Start of Entries provided
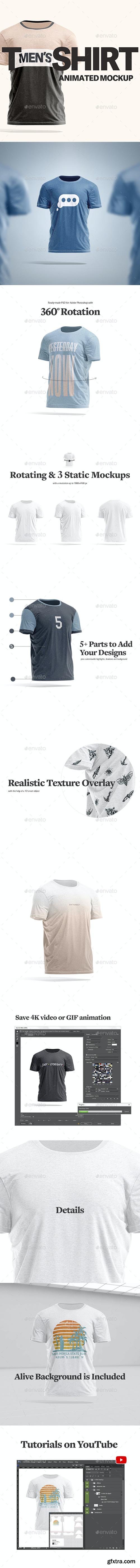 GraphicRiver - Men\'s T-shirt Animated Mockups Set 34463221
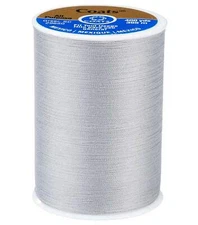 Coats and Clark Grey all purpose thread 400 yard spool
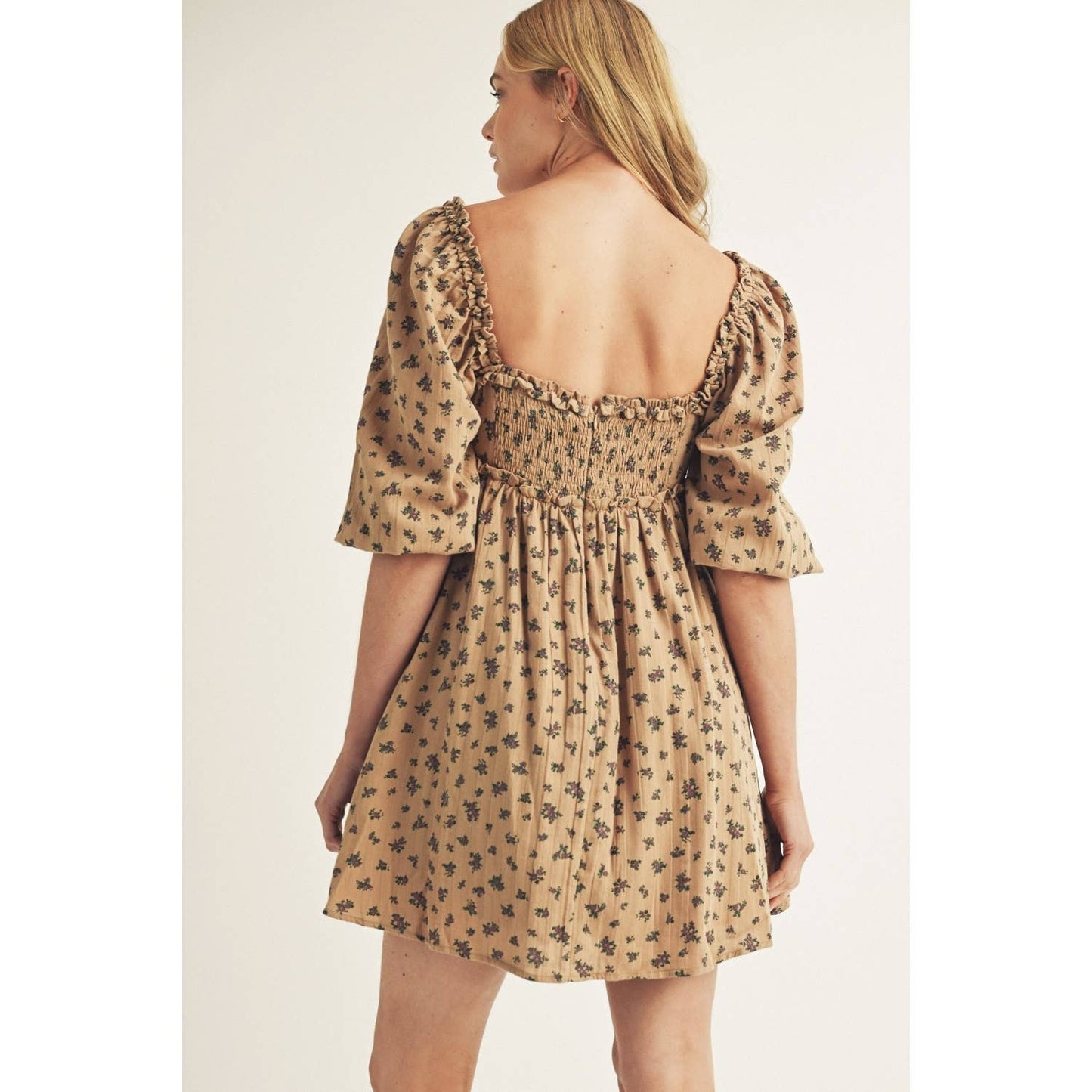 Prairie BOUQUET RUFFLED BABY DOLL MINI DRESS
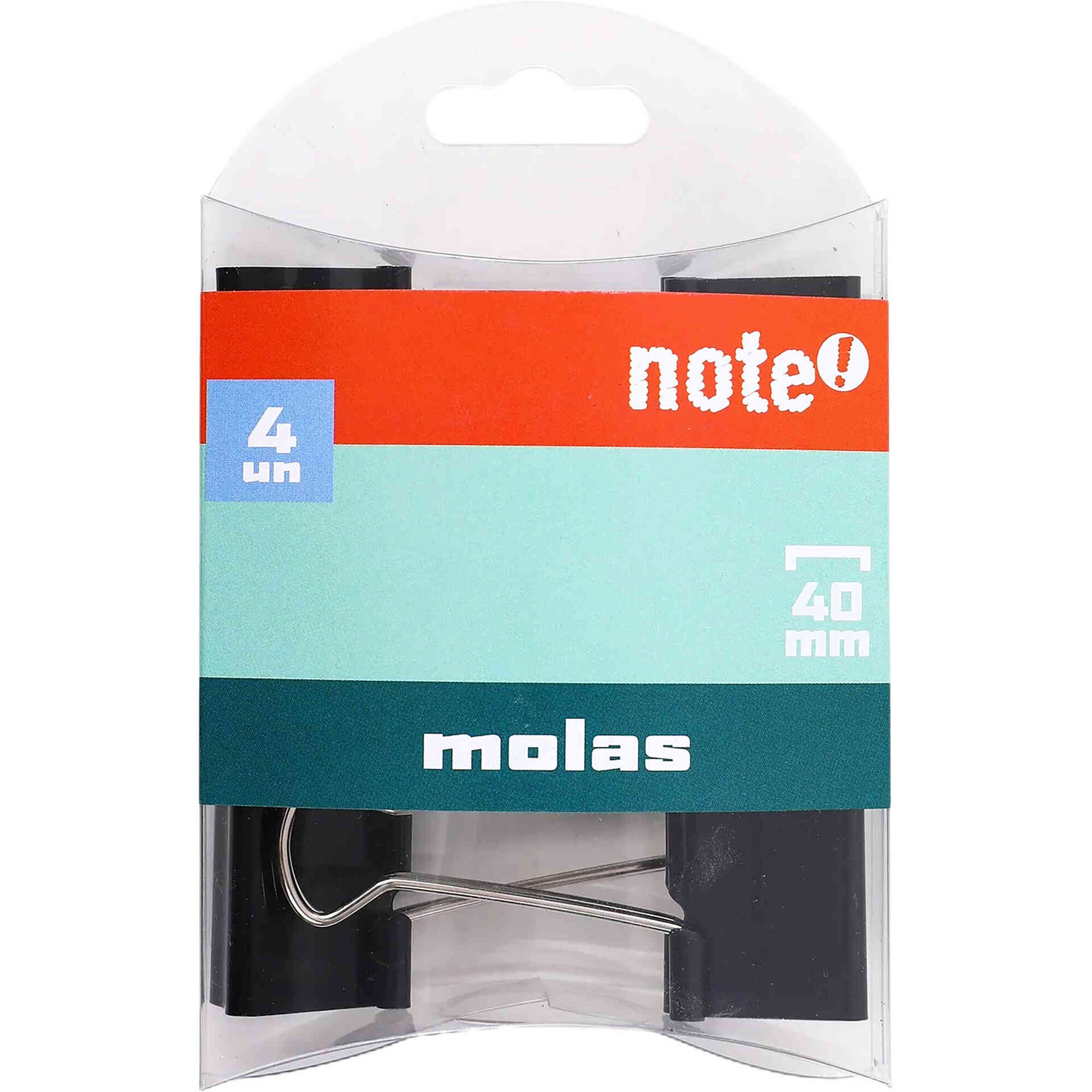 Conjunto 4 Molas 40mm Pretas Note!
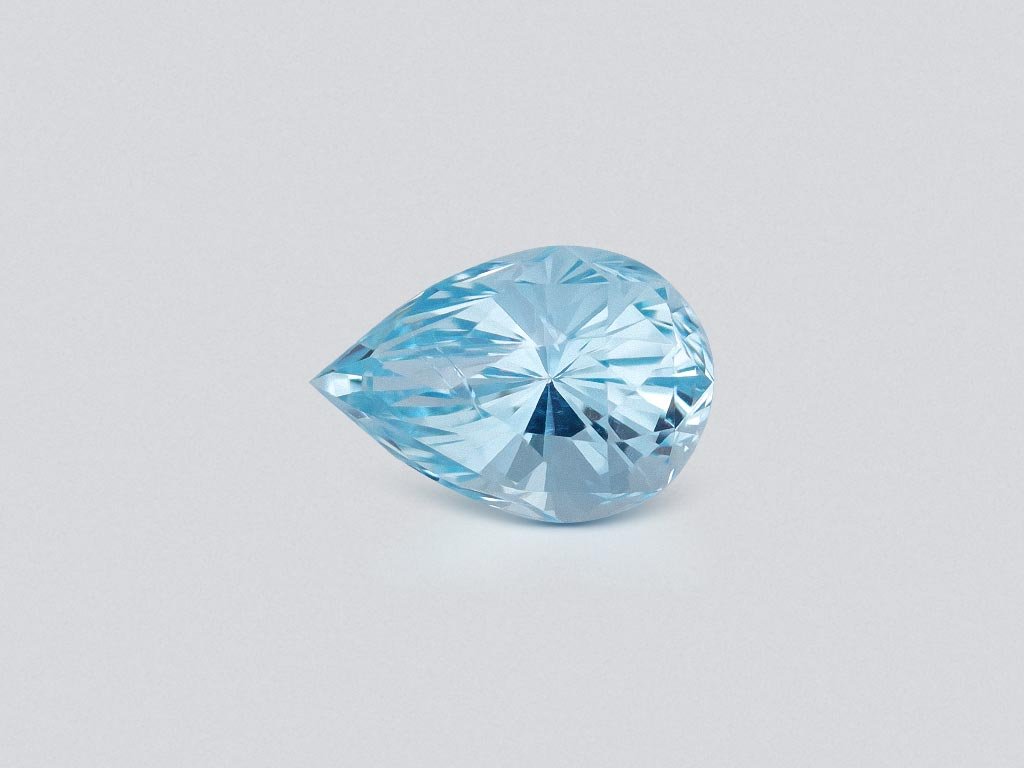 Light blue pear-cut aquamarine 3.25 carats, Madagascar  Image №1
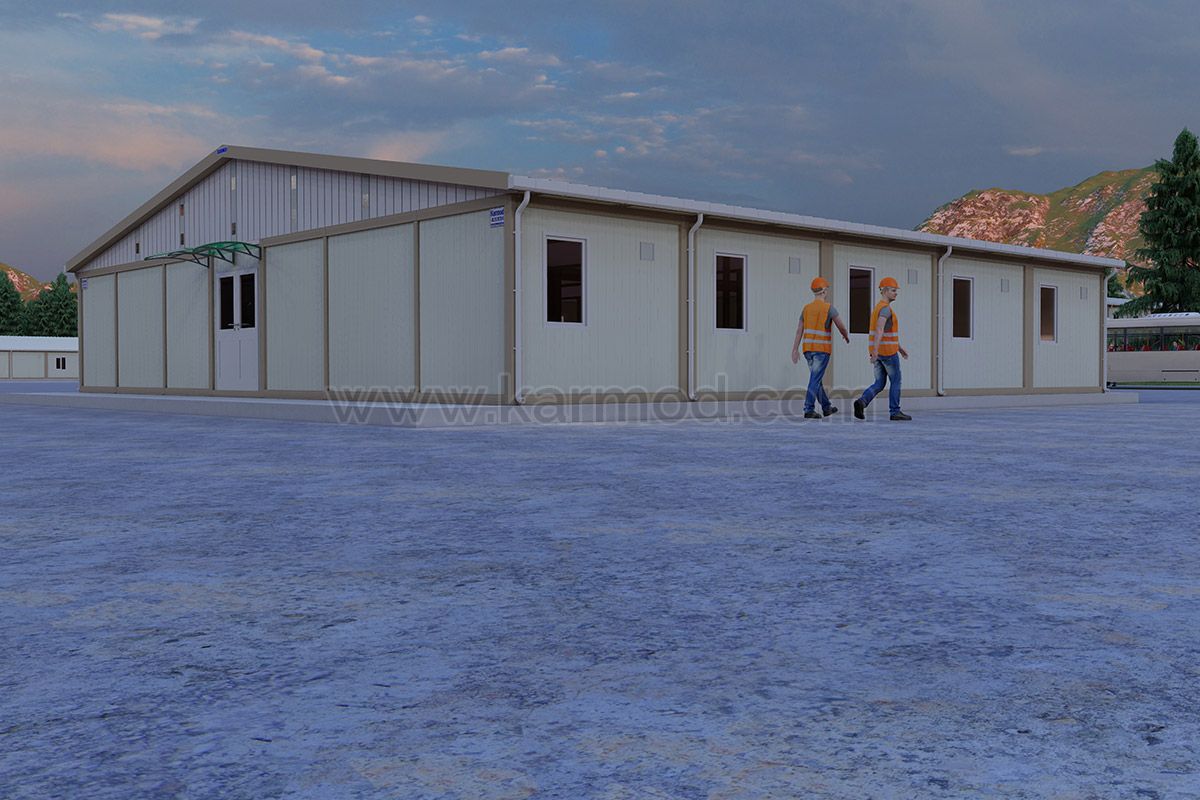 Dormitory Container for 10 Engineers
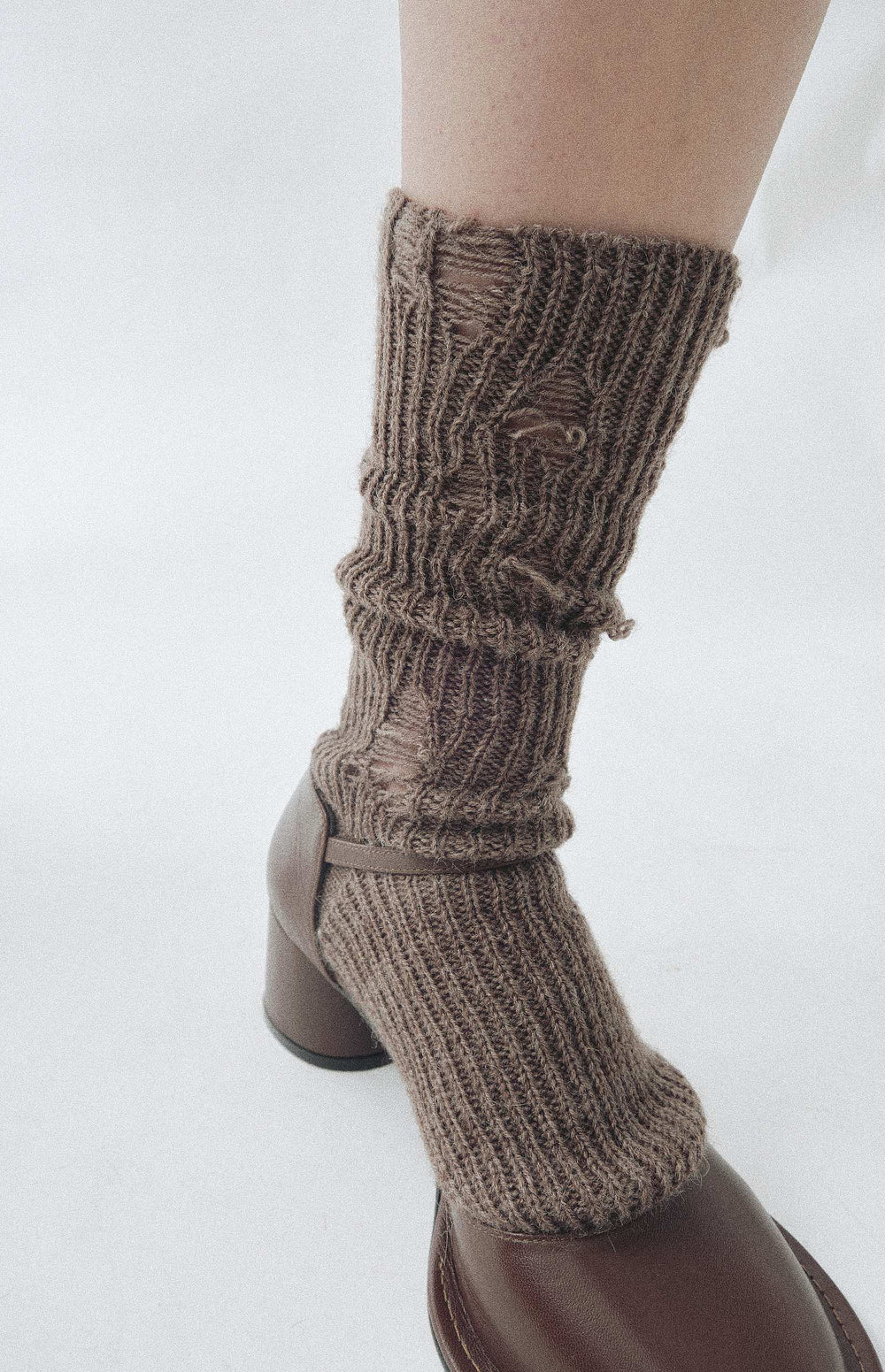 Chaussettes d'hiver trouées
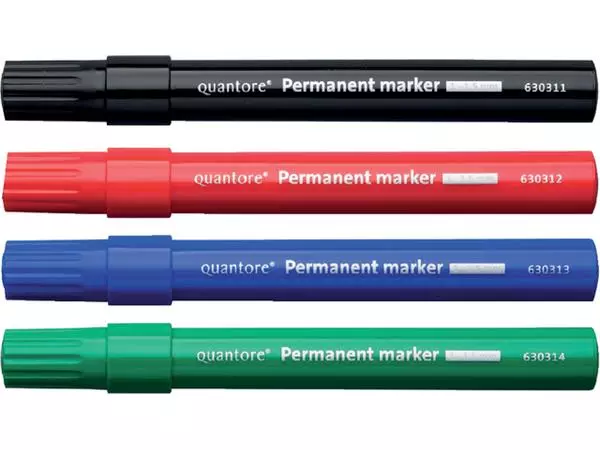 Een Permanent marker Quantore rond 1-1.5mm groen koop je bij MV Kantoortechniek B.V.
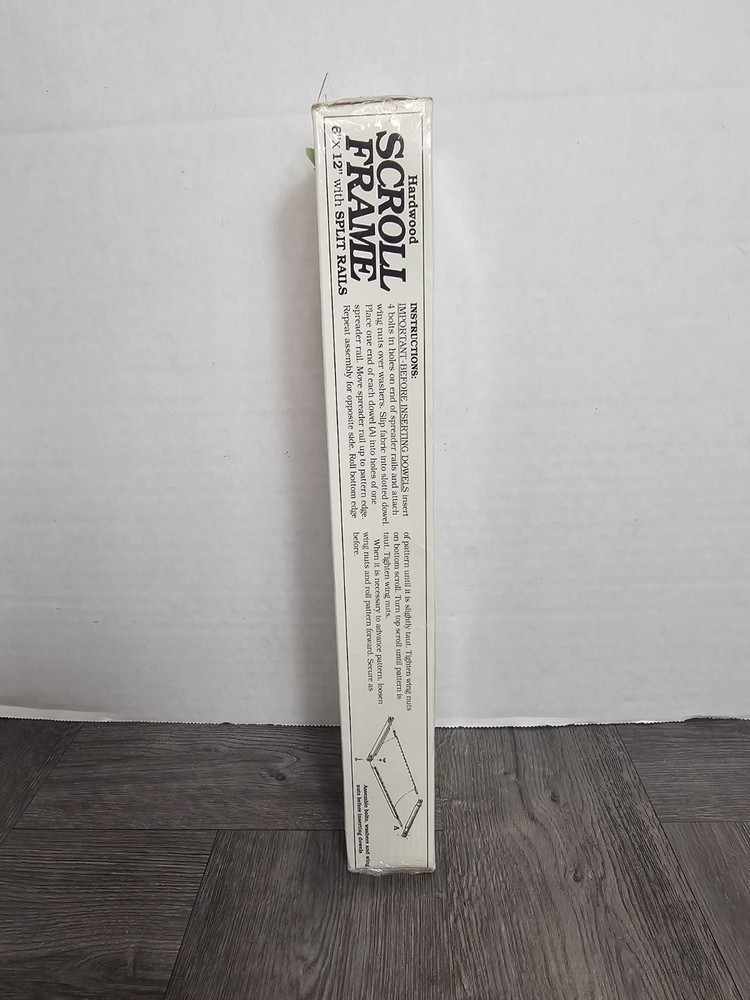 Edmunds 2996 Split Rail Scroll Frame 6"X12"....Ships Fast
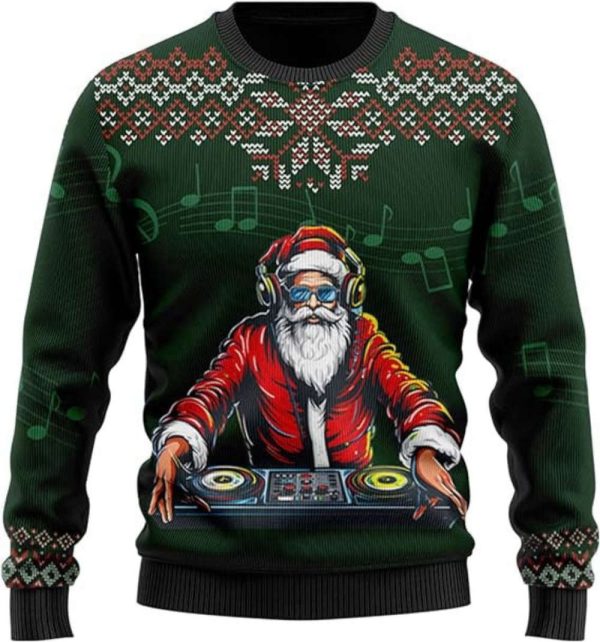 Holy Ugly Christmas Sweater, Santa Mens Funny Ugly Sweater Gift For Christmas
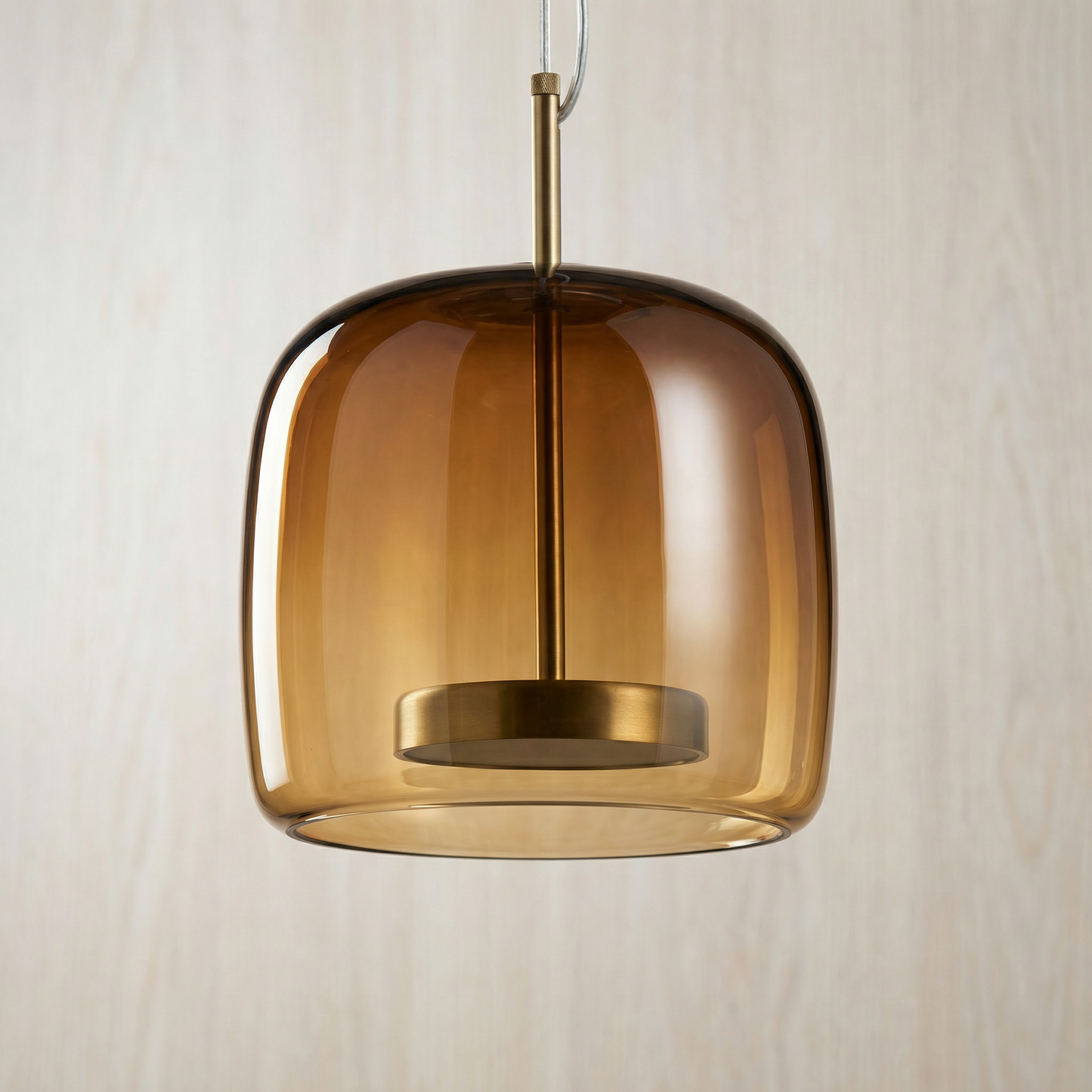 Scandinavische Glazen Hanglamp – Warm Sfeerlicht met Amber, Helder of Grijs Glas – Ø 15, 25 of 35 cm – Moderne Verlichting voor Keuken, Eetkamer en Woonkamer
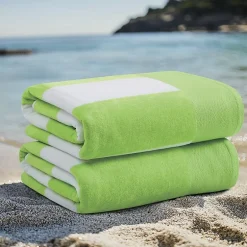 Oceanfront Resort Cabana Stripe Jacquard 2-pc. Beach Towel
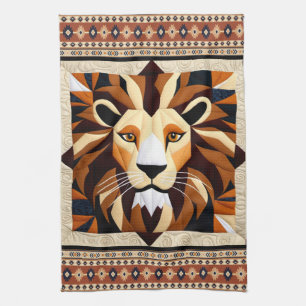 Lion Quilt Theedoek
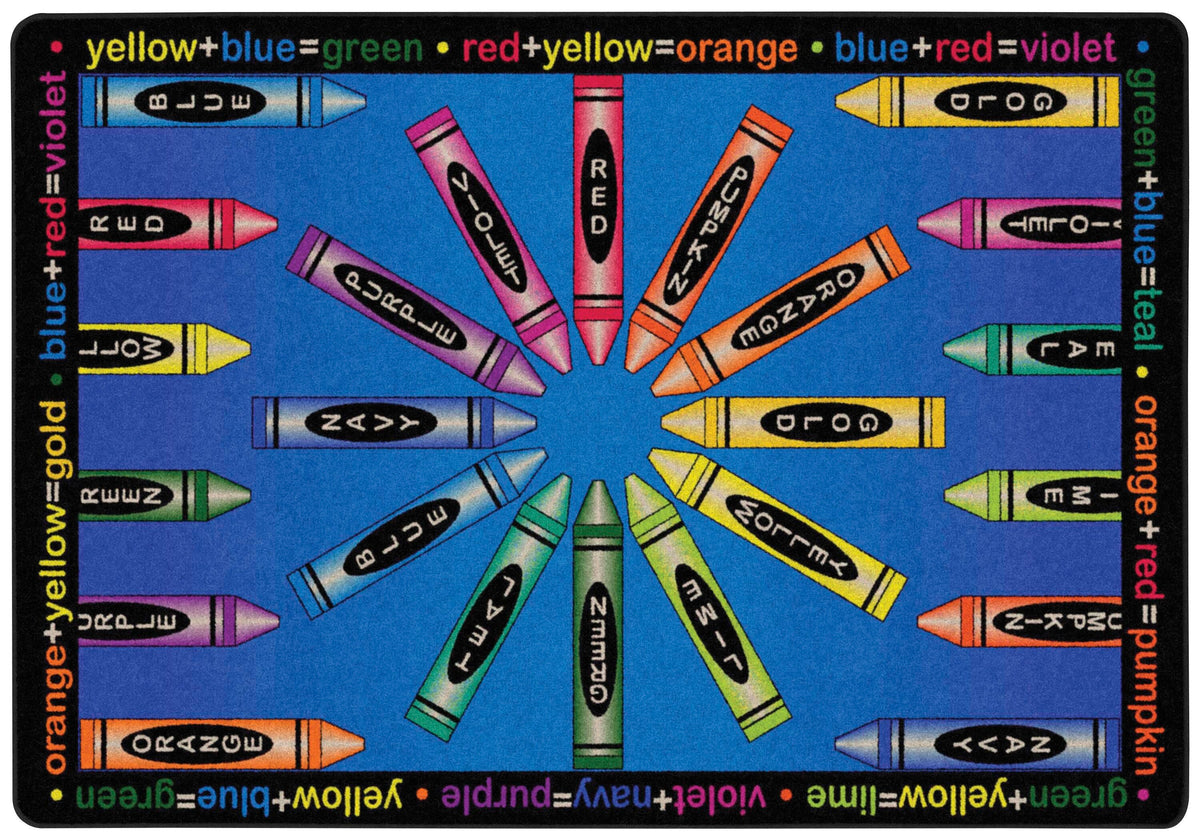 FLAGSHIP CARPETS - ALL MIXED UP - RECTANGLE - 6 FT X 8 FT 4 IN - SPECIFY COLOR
End of Entries provided
**Work task**
Locate "Lion Quilt Theedoek" in the entries above. Copy, exactly and only, the lines from that line to the end, leaving out the pictures.

**Response**
 Lion Quilt Theedoek
 FLAGSHIP CARPETS - ALL MIXED UP - RECTANGLE - 6 FT X 8 FT 4 IN - SPECIFY COLOR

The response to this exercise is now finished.